Por isso, a imprensa e decisores políticos bem podem tentar vender-nos a ideia de que a exploração de petróleo é benéfica para todos, ou seja, que os interesses do país e os interesses da indústria petrolífera são coincidentes, mas a realidade da vida quotidiana dos trabalhadores dos principais países exportadores de petróleo mostra claramente que não são.
Apostar no petróleo é apostar num modelo energético destruidor e insustentável
A manutenção de economias assentes na queima de combustíveis fósseis em detrimento de fontes de energia renováveis não é sustentável para a Humanidade, não só porque a muito breve trecho deixará de ser viável a sua extração, mas acima de tudo porque a sua queima tem impactos ambientais nocivos e é hoje responsável pela degradação das condições de vida de milhões de pessoas no planeta. Para compreendermos a dimensão da catástrofe decorrente deste modelo energético e o seu impacto na nossa vida quotidiana, olhemos, por exemplo, para a segunda maior economia do mundo – a chinesa –, cuja população urbana é obrigada a usar diariamente máscaras antipoluição ou a não sair de casa durante vários dias devido à falta de visibilidade e perigo para a saúde pública resultantes da poluição gerada por fábricas e transportes. Estima-se que a poluição atmosférica seja responsável por 1 milhão e 600 mil mortes por ano na China, ou seja, 4,400 mortes por dia.
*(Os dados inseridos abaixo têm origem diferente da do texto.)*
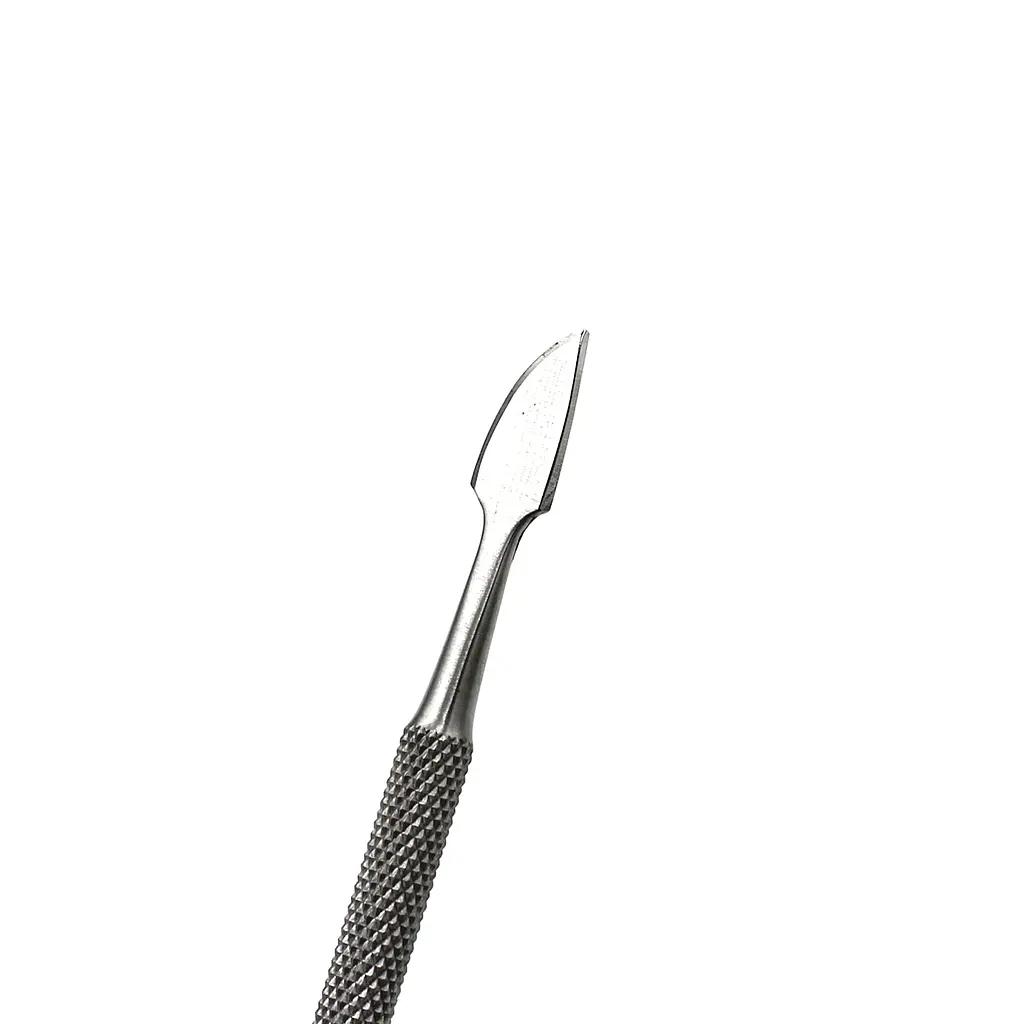 Двостороння манікюрна лопатка SPL, кругла та топорик - фото 3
Neste contexto, importa fazer uma outra pergunta: É este o modelo energético e de desenvolvimento que queremos para o nosso país ou, pelo contrário, defendemos a aposta no sol, vento e mar de que dispomos em abundância como alternativas energéticas? Considerando que, entre janeiro e outubro de 2015, as renováveis garantiram 47% do consumo de energia elétrica e que, no mesmo período em 2014, esse valor ascendia a 62%, fica claro que a opção política pelo petróleo nada tem que ver com a falta de viabilidade das alternativas disponíveis ou com a defesa dos interesses do país, mas sim com a indisponibilidade do Governo para pôr os interesses do país acima dos interesses da indústria petrolífera.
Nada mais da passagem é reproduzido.